CPU values follow Kubernetes conventions: 1 means one full core, 500m means half a core. Memory values use standard suffixes: Mi (mebibytes) and Gi (gibibytes).


DNS and routing

Every scaling group is automatically assigned a DNS hostname and exposed over HTTPS through your cluster’s gateway. The hostname follows this pattern:

<environment-id>-<scaling-group-name>.<gateway-domain>

For example, a scaling group named inference in environment abc123 with gateway domain gw.chalk.ai would be reachable at:

https://abc123-inference.gw.chalk.ai

This hostname is shown as the Web URL in the output of chalk scaling-group get and chalk scaling-group list. Traffic arriving at this hostname is routed to the port you specified with --port.

Because the hostname includes the scaling group name, you can reference it by a stable, human-readable URL rather than an opaque UUID.


Managing scaling groups

Listing scaling groups

$ chalk scaling-group list

This displays a table of all scaling groups in your environment with their ID, name, image, status, replica counts, URL, and creation time.

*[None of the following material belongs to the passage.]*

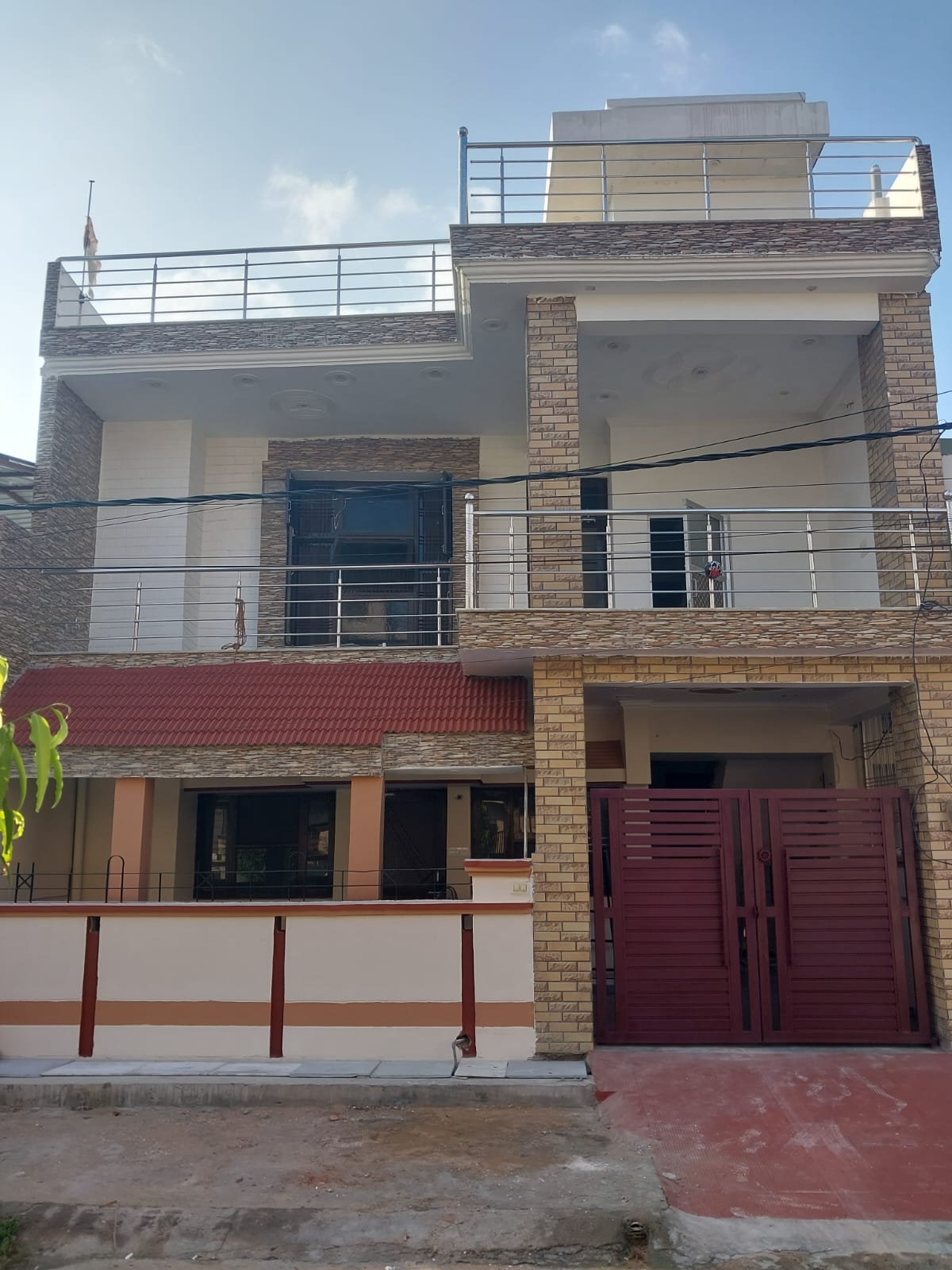 Rental 3 Bedroom 1500 Sq.Ft. Apartment in Eldeco Udyan Suraksha Enclave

Inspecting a scaling group

$ chalk scaling-group get --name=inference

This shows detailed information about the scaling group including its spec, replica status (desired, ready, available), tags, and URL.

Deleting a scaling group

$ chalk scaling-group delete --name=inference

This removes the Kubernetes Deployment, Service, and HTTPRoute associated with the scaling group. The database record is soft-deleted so it still appears in history.


Tags

You can attach arbitrary key-value tags to a scaling group for organization and filtering:

$ chalk scaling-group create \
    --image=my-registry/my-app:v1 \
    --name=my-service \
    --port=8080 \
    --tags="team=ml,version=2.1"

Tags are applied as Kubernetes labels with the prefix chalk.ai/tag-, making them visible in standard Kubernetes tooling.


Entrypoint override

If you need to override the Docker image’s default entrypoint, use the --entrypoint flag with comma-separated arguments:

$ chalk scaling-group create \
    --image=python:3.12 \
    --name=custom-server \
    --port=8000 \
    --entrypoint="python,-m,uvicorn,main:app,--host,0.0.0.0,--port,8000"

Full example

Here is a complete example that provisions a GPU-accelerated inference service with custom resource limits, multiple replicas, and tags:

$ chalk scaling-group create \
    --image=my-registry/llm-serving:v3 \
    --name=llm-inference \
    --port=8080 \
    --replicas=2 \
    --gpu=nvidia-l4:1 \
    --cpu=8 \
    --memory=32Gi \
    --tags="model=llama3,team=ml-platform" \
    --entrypoint="python,-m,vllm.entrypoints.openai.api_server,--model,/models/llama3"

After creation, the service is reachable at its assigned DNS name and can be referenced by resolvers or other services running in the same Chalk environment.